[Sidenote: II. 2. State of Literature during the Saxon Dynasty.]
A curious altercation between Nicephorus Phocas, the Greek emperor, and Luitprand bishop of Cremona, ambassador from Otho I. to the Greek sovereign, shews the state of Germany during this period. “Your nation,” said the empire to the ambassador, “does not know how to sit on horseback; or how to fight on foot: your large shields, massive armour, long swords, and heavy helmets, disable you for battle.”—Luitprand told the emperor that “he would, the first time they should meet in the field, feel the contrary.” Luitprand observed, that “Germany was so little advanced in ecclesiastical worth; that no council had been held within its precincts:” the ambassador remarked, that “all heresies had originated in Greece.” The emperor asserted, that “the Germans were gluttons and drunkards:” Luitprand replied, that “the Greeks were effeminate.” All writers agree, that, in what each party to this conversation asserted, there was too much truth.
We have noticed the advance towards civilization which Henry I, made by the construction of towns; he effected another, by the introduction of tournaments and field sports, on a large, orderly and showy plan. Speaking generally, society in Germany during the Saxon line of its princes, was always improving.
II. 2.
State of Literature during the Saxon Dynasty.
[Sidenote: 911-1024.]
“In the school of Paderborn,” says the biographer of Meinwert, as he is cited by Schmidt, “there are famous musicians, dialecticians, orators, grammarians, mathematicians, astronomers and geometricians. Horace, the great Virgil, Sallust, and Statius, are highly esteemed. The monks amuse themselves with poetry, books and music. Several are incessantly employed in transcribing and painting.”

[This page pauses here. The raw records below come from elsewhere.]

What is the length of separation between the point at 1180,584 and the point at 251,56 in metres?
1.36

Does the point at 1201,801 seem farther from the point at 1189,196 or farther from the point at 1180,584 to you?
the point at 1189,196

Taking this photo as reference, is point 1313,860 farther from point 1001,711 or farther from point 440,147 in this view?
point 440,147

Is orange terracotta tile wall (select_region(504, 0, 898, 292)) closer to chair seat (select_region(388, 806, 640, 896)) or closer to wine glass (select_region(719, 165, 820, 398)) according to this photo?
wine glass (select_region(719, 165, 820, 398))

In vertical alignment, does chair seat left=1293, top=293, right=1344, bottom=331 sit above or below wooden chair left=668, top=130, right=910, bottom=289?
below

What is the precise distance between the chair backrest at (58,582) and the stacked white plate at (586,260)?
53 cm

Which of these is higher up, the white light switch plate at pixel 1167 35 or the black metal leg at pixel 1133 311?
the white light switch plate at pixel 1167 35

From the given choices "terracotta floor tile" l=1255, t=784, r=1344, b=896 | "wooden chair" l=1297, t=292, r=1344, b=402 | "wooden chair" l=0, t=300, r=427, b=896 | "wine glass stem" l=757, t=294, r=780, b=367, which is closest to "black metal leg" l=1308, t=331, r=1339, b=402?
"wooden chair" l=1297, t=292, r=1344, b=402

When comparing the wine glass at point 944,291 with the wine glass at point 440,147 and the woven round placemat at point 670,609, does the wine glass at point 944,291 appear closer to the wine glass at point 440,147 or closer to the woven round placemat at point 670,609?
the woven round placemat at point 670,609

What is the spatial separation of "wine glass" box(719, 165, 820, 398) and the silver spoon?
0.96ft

A German translation of the Psalms, by Notker, a monk of the abbey of St. Gall, shews that some attention was paid to the language of the country. The Greek was cultivated; the writers of the times mention several persons skilled in it. Notker, in a letter to one of his correspondents, informs him, that “his Greek brothers salute him.”
[Sidenote: II. 2. State of Literature during the Saxon Dynasty.]

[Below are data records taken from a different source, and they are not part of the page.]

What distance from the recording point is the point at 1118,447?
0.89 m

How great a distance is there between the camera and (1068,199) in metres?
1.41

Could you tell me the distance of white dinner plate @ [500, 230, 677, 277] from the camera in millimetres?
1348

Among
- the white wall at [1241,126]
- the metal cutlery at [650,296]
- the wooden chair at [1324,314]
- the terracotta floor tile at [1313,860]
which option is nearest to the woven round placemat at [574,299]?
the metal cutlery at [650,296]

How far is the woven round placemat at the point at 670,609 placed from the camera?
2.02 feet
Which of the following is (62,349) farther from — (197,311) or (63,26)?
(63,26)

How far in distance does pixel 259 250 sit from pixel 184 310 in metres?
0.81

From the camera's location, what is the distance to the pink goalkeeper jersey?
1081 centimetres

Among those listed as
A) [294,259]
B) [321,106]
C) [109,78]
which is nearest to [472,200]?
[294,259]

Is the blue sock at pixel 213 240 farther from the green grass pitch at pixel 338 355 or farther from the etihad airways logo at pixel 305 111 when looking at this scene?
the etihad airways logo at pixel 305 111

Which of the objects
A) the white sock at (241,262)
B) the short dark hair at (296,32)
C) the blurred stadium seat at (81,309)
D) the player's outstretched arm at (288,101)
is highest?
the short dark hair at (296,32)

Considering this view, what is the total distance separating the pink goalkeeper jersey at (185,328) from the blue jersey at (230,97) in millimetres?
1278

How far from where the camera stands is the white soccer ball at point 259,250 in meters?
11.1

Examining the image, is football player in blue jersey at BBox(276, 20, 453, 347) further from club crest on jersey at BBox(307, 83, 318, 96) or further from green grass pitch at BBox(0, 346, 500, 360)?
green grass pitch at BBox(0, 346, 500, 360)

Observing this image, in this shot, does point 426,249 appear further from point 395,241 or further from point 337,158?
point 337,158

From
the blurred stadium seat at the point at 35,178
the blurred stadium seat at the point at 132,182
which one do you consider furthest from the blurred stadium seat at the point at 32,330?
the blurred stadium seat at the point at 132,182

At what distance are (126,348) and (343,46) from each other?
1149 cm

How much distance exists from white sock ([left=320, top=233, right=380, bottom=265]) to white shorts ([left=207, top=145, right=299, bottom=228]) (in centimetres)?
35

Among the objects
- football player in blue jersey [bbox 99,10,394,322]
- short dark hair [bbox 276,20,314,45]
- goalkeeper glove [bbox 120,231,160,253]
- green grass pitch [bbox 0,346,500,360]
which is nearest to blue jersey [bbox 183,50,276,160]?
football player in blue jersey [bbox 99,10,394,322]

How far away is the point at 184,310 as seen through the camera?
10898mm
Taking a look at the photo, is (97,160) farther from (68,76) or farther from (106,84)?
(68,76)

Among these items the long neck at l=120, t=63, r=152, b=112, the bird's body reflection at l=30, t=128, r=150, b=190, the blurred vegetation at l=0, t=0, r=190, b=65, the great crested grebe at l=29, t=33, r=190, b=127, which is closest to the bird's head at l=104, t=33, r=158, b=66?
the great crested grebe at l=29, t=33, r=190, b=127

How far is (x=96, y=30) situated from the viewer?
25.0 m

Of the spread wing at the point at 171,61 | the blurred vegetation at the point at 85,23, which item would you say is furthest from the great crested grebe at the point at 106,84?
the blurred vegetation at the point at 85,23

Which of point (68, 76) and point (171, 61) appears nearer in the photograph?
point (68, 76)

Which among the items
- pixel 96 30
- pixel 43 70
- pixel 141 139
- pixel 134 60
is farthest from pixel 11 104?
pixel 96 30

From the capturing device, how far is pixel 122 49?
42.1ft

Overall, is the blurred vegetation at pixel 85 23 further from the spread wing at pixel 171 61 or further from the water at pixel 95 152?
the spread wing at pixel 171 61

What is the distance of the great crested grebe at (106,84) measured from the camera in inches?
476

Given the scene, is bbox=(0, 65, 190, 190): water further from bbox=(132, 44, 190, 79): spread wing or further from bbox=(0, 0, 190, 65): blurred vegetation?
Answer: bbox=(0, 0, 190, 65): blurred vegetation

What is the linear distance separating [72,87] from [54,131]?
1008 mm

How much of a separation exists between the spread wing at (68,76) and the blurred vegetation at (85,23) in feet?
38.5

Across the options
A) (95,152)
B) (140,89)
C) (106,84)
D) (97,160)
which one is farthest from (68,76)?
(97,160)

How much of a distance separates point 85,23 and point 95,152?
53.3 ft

Poetry was a favourite study: the celebrated Gerbert, afterwards Pope Silvester II, and Waldram, bishop of Strasburgh, were the best poets of their times. Hroswith,[004] a nun in the monastery of Gardersheim, published comedies: “Many Catholics,” she says, in her preface to them, “are guilty of a fault, from which I myself am not altogether free; they prefer profane works, on account of their style, to the holy Scriptures. Others have the Scriptures always in their hands, and despise profane authors; yet they often read Terence, and their attention to the beauties of his style does not prevent the objectionable passages in his writings from making an impression on them.”